This code shows how to calculate the set in serial and parallel using Rust and various libraries. More parallel versions (with different libraries) will be added in the future.
Written by Willi Kappler, License: MIT - Version 0.4 (2016.10.01)
Compile with:
cargo build --release
Run with the default values:
cargo run --release
Supported command line options:
--img_size <IMAGE_SIZE> size of image in pixel (square, default: 2048, must be a power of two)
--img1 <IMAGINARY1> lower part (default: -1.50)

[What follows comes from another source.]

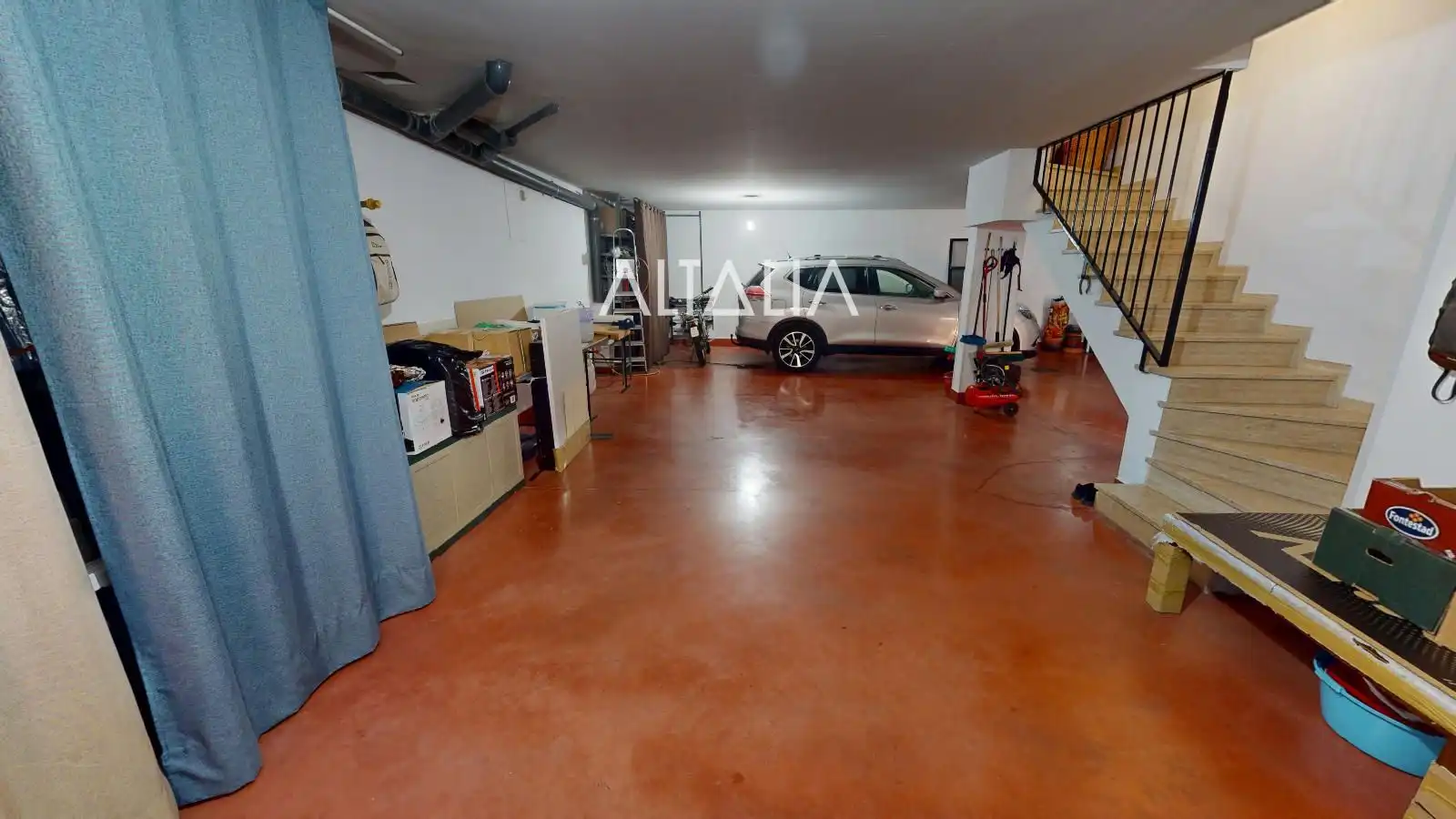 Casa adosada en venta en Cuenca con Calefacción, Piscina y Piscina comunitaria
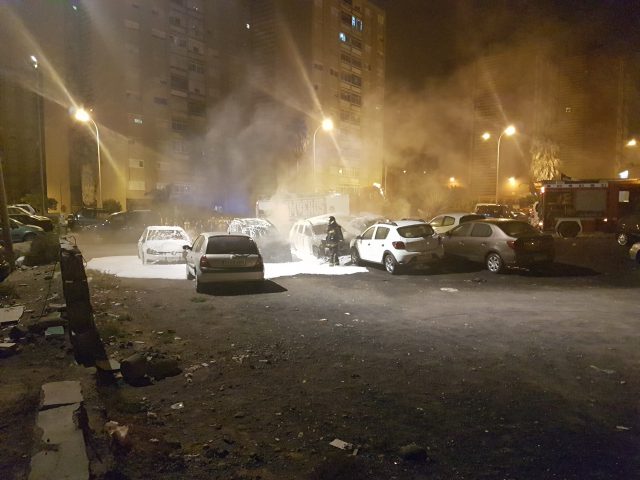 Arden 5 coches que se encontraban aparcados junto al Centro de Salud de La Feria 4 cochesardiendo 4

--img2 <IMAGINARY2> upper part (default: 1.50)
--write_metadata write metadata like run time into the ppm file (default: off)
--no_ppm disable creation of the ppm file, just run the calculation (default: off)
--bench use all available CPUs (default: off), will change in the future
--max_iter <MAX_ITER> maximum number of iterations (default: 4096)
--num_threads <NUMBER_OF_THREADS> number of threads to use (default: 2)
--num_of_runs=[NUM_OF_RUNS] number of repetitive runs (default: 2)
--re1 <REAL1> left real part (default: -2.0)
--re2 <REAL2> right real part (default: 1.0)
The main program runs the calculation 7 times: 1 x single threaded and currently 6 x multi threaded. It writes the mandelbrot set out as PPM image files. For each method one image file is created.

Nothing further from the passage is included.